PROVIDED MATERIAL:
>>>>
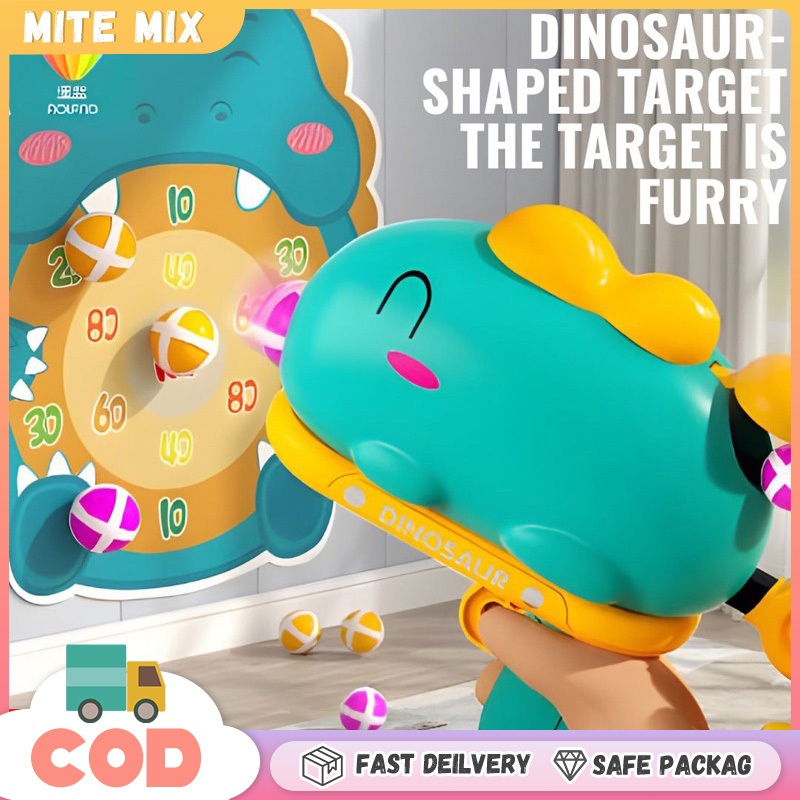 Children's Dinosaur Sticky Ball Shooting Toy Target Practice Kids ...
<<<<
>>>>
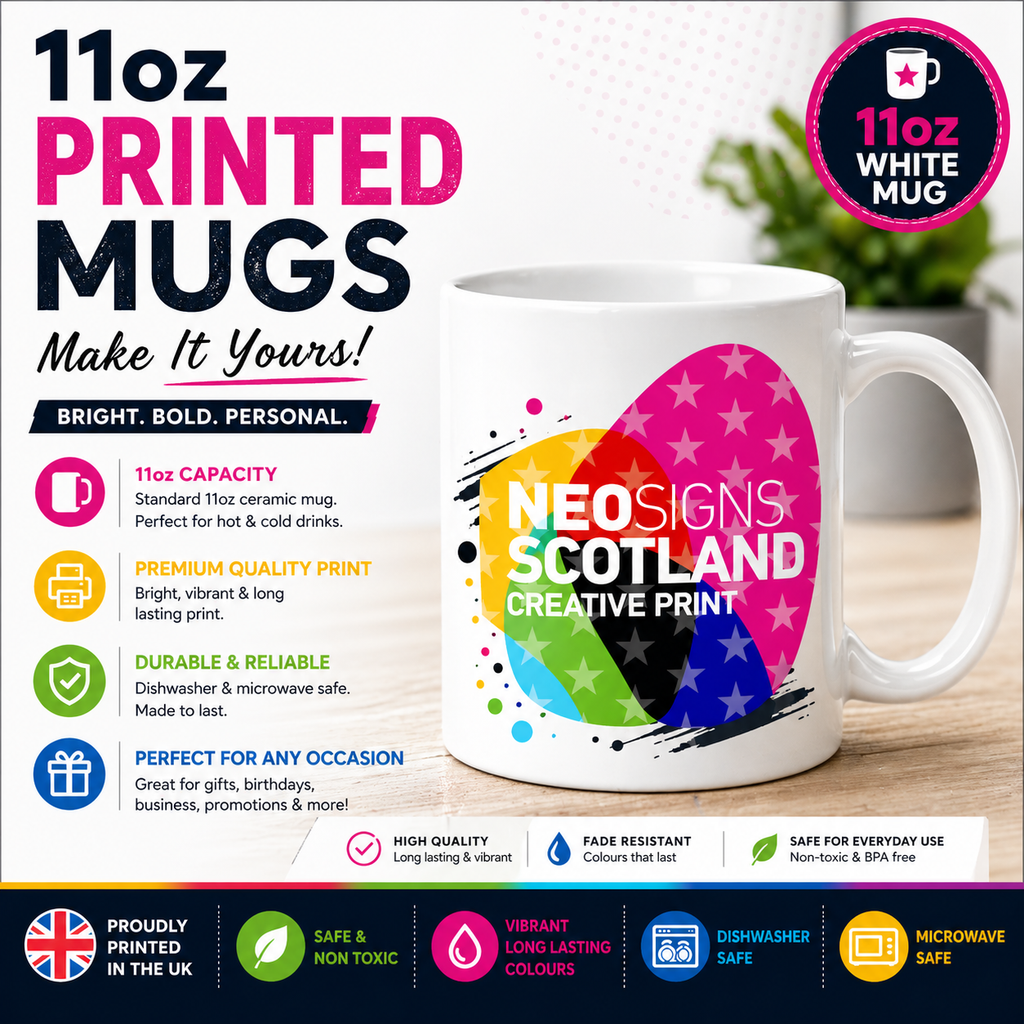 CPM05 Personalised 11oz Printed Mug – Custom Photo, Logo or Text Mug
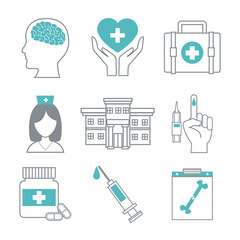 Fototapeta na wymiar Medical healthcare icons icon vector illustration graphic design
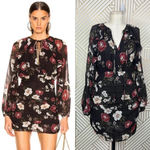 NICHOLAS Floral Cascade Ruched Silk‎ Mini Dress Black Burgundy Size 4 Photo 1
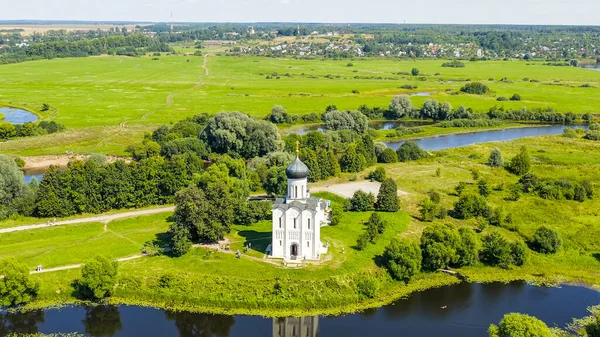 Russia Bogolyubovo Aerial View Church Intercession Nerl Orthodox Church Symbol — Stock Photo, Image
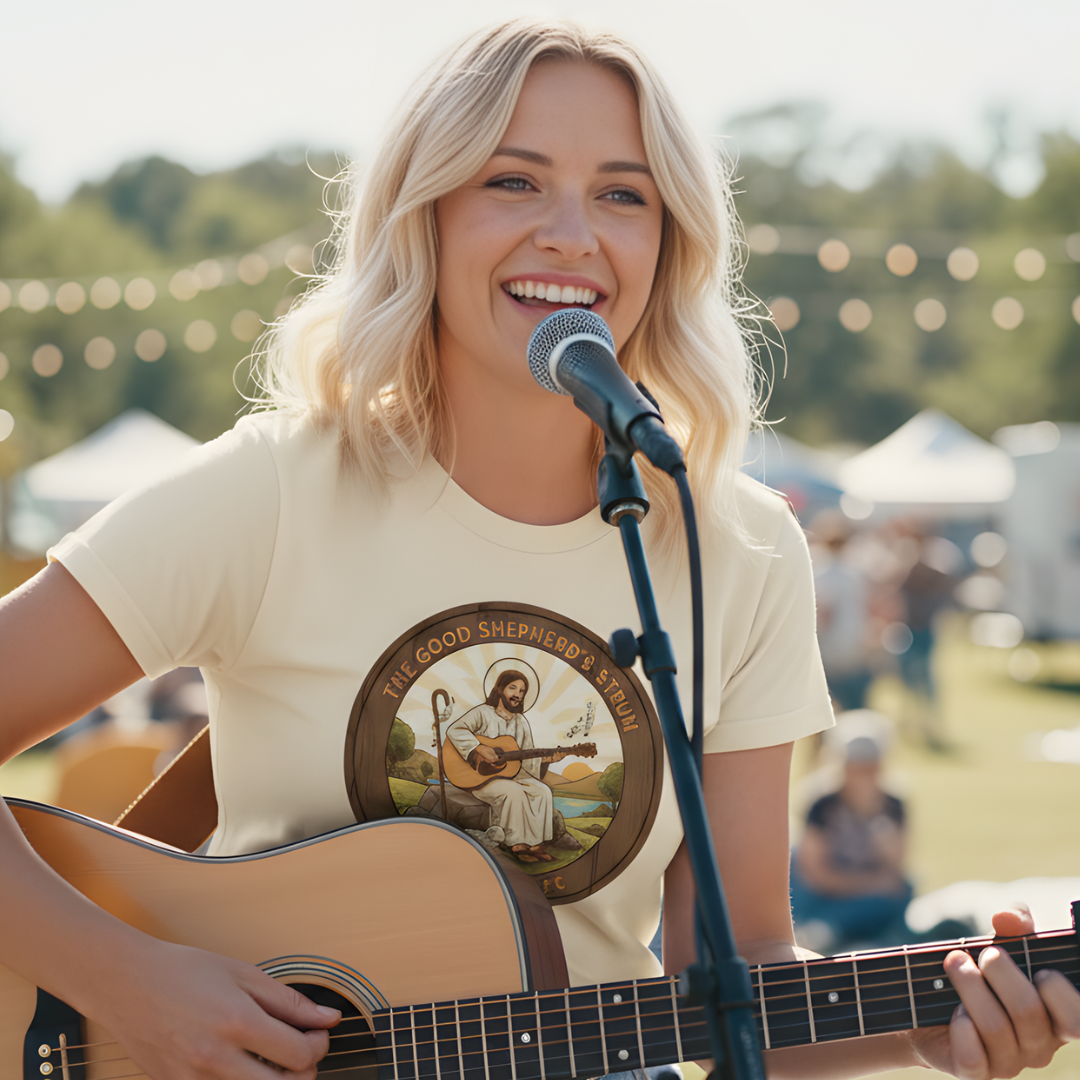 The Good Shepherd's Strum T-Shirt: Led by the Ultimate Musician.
<<<<
WORK ORDER: Although the records above contain pictures, the copy must not; set down exactly the lines from the one with "NICHOLAS Floral Cascade" up to and including the one with "The Good Shepherd's".

EXPECTED ANSWER:
 NICHOLAS Floral Cascade Ruched Silk‎ Mini Dress Black Burgundy Size 4 Photo 1
 Russia Bogolyubovo Aerial View Church Intercession Nerl Orthodox Church Symbol — Stock Photo, Image
 The Good Shepherd's Strum T-Shirt: Led by the Ultimate Musician.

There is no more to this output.